Unfortunately, the only way around this problem is to follow the example of leading supply chain companies and continually appraise and optimise your network design.

 

 


Failure to do so could result in unpleasant financial repercussions—or “costequences” as I have dubbed them—for your company.


 

Let us examine seven possible “costequences” of misaligned distribution networks:

1. Costs of Carrying Inventory

 

 

Imbalances in your distribution network will almost certainly result in you accumulating too much buffer stock, and in the process raise your inventory carrying costs.

In this situation, you could be incurring extra expenses when it comes to:

  • Insurance and tax
  • Labour
  • Warehouse overheads
  • Material handling equipment (MHE) operating expenses
  • Inventory shrinkage, obsolescence and/or damage.

 


If your inventory costs start increasing without clear reason you would do well to consider distribution network misalignment as one of the causes.


 

2. Facility Costs

 

 

If you have too many warehouses, or warehouses sited in the wrong places, your company could be incurring unnecessary facility costs.

 


A study of your distribution network might show that you could dispense with one, or even two or more, of your warehouses, saving you a bundle in facility costs.


 

3. Labour Costs

 

 

Inventory imbalances and misaligned facilities could well result in you hiring more staff than needed, unnecessarily adding to your labour costs.

This situation could apply to your warehouses as well as to your in-house transportation resources.

 


You are probably spending more than is necessary if you have too many storage facilities.


 

4. Last-Mile Transport Costs

 

 

Last-mile transportation typically makes up around 28% of total supply chain transport costs, so it is essential that your distribution centres and warehouses are well located for replenishment and deliveries to customers.

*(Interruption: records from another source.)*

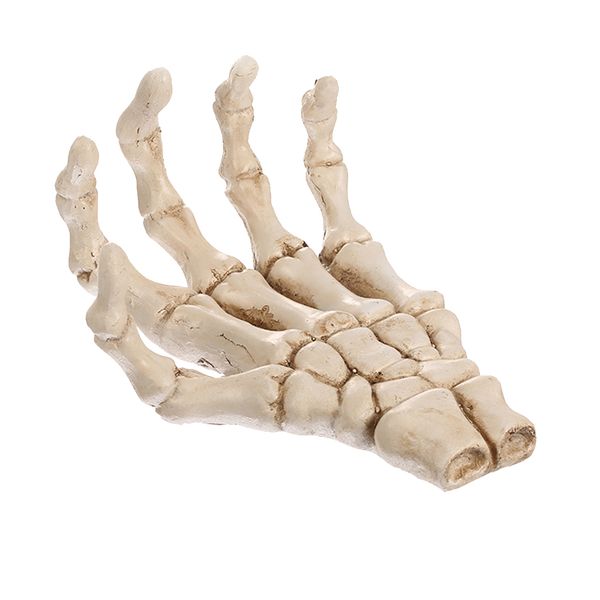 

resin hand palm skull replica skeleton medical teaching model craft -beige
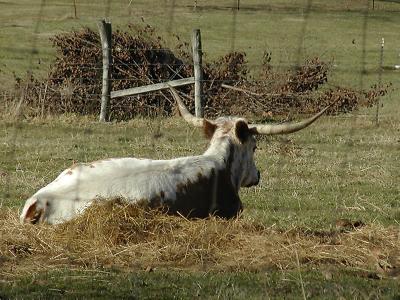 TN Longhorn-4876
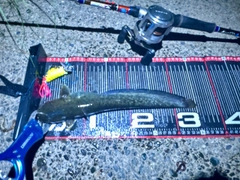 ナマズの釣果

Some questions you should be asking yourself:

  • Are your trucks the right size?
  • Would it be more cost-effective to outsource your transportation?
  • Do you have too many or too few vehicles?
  • Have you streamlined your transport networks to minimise time, distance, and fuel use?

 


Transportation facilities are changing all the time. Make sure your ones are optimised.


 

5. MHE Costs

Mechanical handling equipment is expensive and depreciates rapidly. You need to match demand and supply to make optimum use of MHEs and other equipment.

 

6. System Costs

 

 

The bottom line here is that processes come with system costs. The more you have, the higher your costs.

Processes include items such as:

  • An ERP solution
  • Applications for inventory management
  • Productivity and analytic software
  • Computers, mobiles, and scanners
  • Wireless networks
  • Other software and hardware

These systems all come with costs, such as licence fees and maintenance by IT specialists. Do you really need them all?

 

7. The Cost of Loss

 

 

Distribution network misalignment can trigger a range of losses, such as:

  • Loss of supply chain flexibility
  • Loss of quality of service
  • Loss of ability to penetrate the market
  • Loss of factors supporting business growth.

Unless you resolve your alignment problems, you will begin losing business to rivals whose distribution networks are optimised.